_TASK DIRECTIONS_
Exclude the pictures, then repeat the remaining data exactly.

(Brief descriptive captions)
- Opening Delimiter -
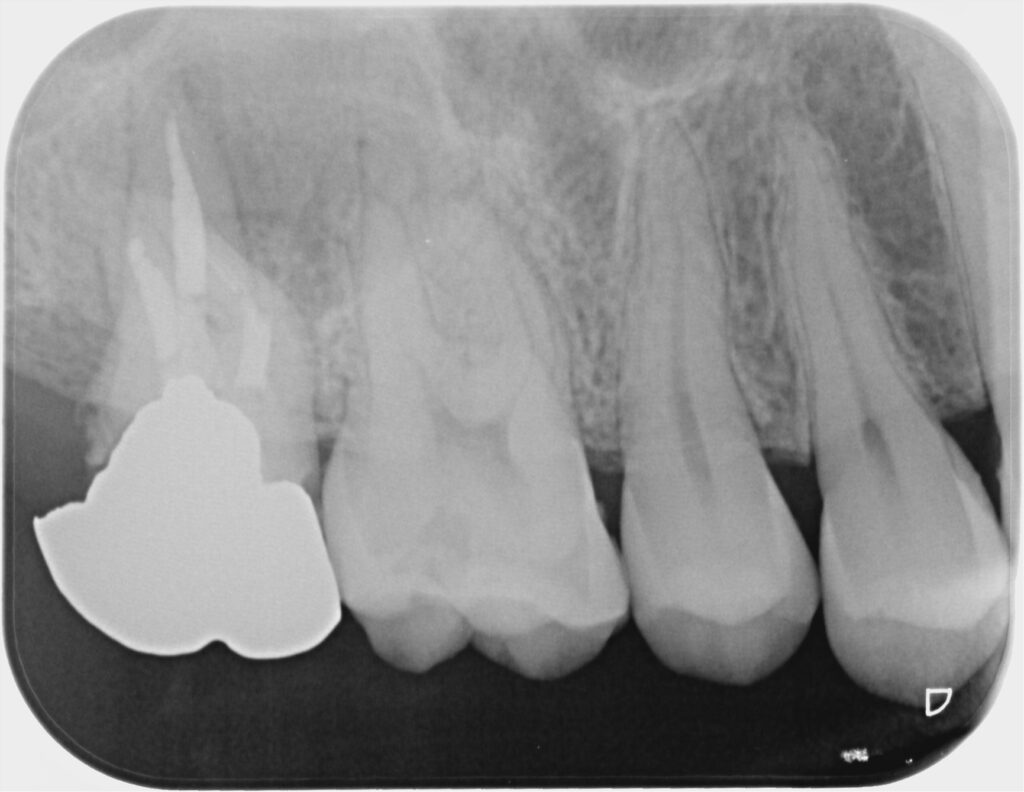 術前レントゲン写真：不適合な修復物、湾曲のある根を認める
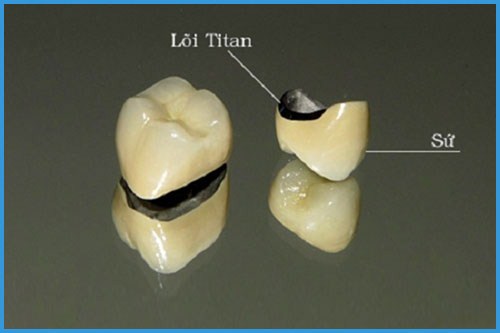 Bọc răng sứ Titan trắng sáng tự nhiên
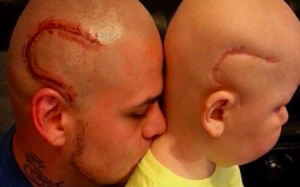 tatuaje de cicatriz de cancer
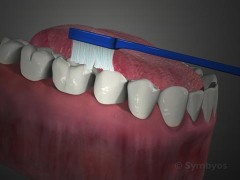 Preventing Dental Problems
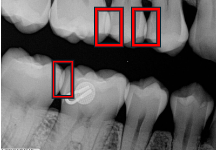 <p>Areas on a radiograph where teeth appear to overlap due to improper horizontal angulation.</p>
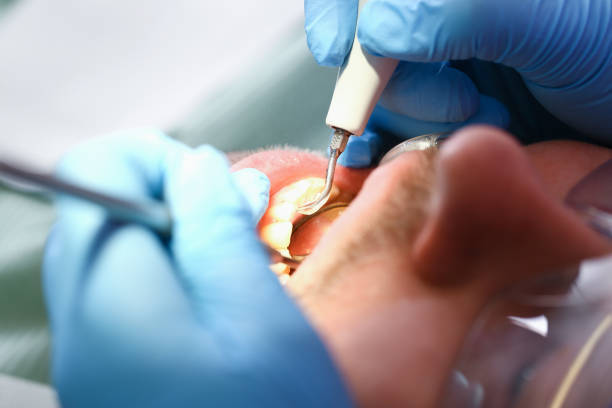 Best Emergency Pediatric Dental Care in North Liberty, IN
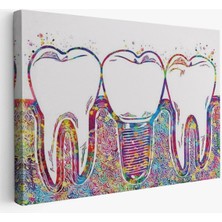 Renkli Dişler Implant Diş Hekimi Tablo Hd Dijital Baskı Yatay Kanvas Tablo 5768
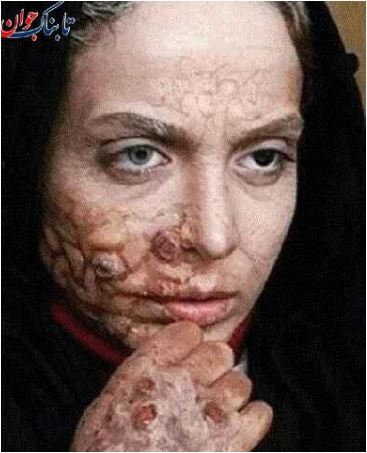 لیست کامل بازیگرانی که با گریم جذامی جلوی دوربین ظاهر شدند/ از المیرا دهقانی بازیگر سریال لحظه گرگ و میش تا... +عکس لیست کامل بازیگرانی که با گریم جذامی جلوی دوربین ظاهر شدند/ از المیرا دهقانی بازیگر سریال لحظه گرگ و میش تا... +عکس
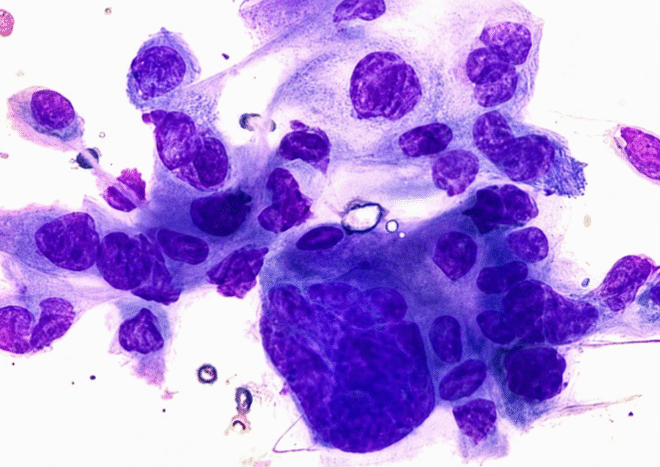 t tzanck - fig 1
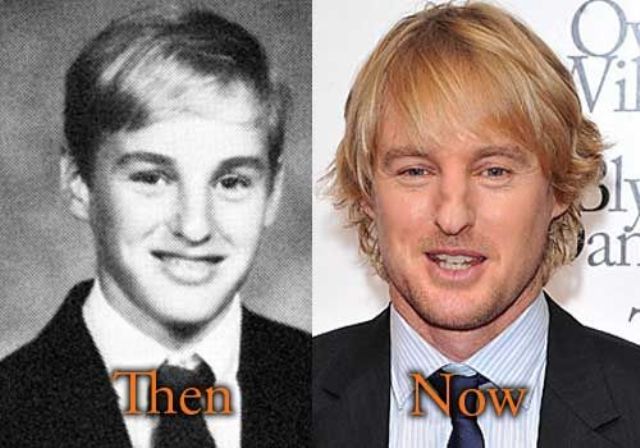 Owen Wilson's nose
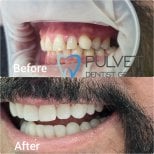 Результати Hollywood Smile до і після в Pulvet Dentist Group – трансформація вінірами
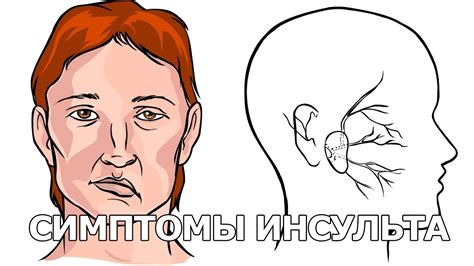 Симптомы и признаки инсульта - YouTube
- Closing Delimiter -
_RESULT OF THIS EXERCISE_
 術前レントゲン写真：不適合な修復物、湾曲のある根を認める
 Bọc răng sứ Titan trắng sáng tự nhiên
 tatuaje de cicatriz de cancer
 Preventing Dental Problems
 <p>Areas on a radiograph where teeth appear to overlap due to improper horizontal angulation.</p>
 Best Emergency Pediatric Dental Care in North Liberty, IN
 Renkli Dişler Implant Diş Hekimi Tablo Hd Dijital Baskı Yatay Kanvas Tablo 5768
 لیست کامل بازیگرانی که با گریم جذامی جلوی دوربین ظاهر شدند/ از المیرا دهقانی بازیگر سریال لحظه گرگ و میش تا... +عکس لیست کامل بازیگرانی که با گریم جذامی جلوی دوربین ظاهر شدند/ از المیرا دهقانی بازیگر سریال لحظه گرگ و میش تا... +عکس
 t tzanck - fig 1
 Owen Wilson's nose
 Результати Hollywood Smile до і після в Pulvet Dentist Group – трансформація вінірами
 Симптомы и признаки инсульта - YouTube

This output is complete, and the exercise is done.